HOW TO COMPLETE THIS TASK: Everything in the data must be repeated exactly, apart from the pictures, which are left out.

PROVIDED MATERIAL:

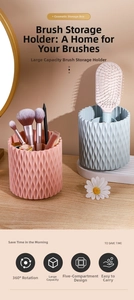 Detailed view of pink and blue 360-degree rotating makeup brush organizer with five slots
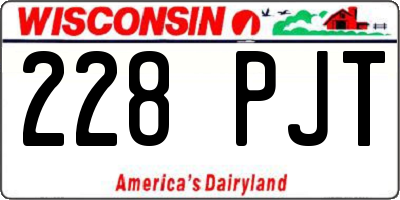 WI license plate 228PJT
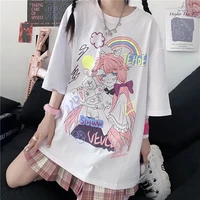 gothic clothes loose women t shirts harajuku style print anime short sleeve tshirt streetwear female woman clothes e girl tops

FINISHED TASK:
 Detailed view of pink and blue 360-degree rotating makeup brush organizer with five slots
 WI license plate 228PJT
 gothic clothes loose women t shirts harajuku style print anime short sleeve tshirt streetwear female woman clothes e girl tops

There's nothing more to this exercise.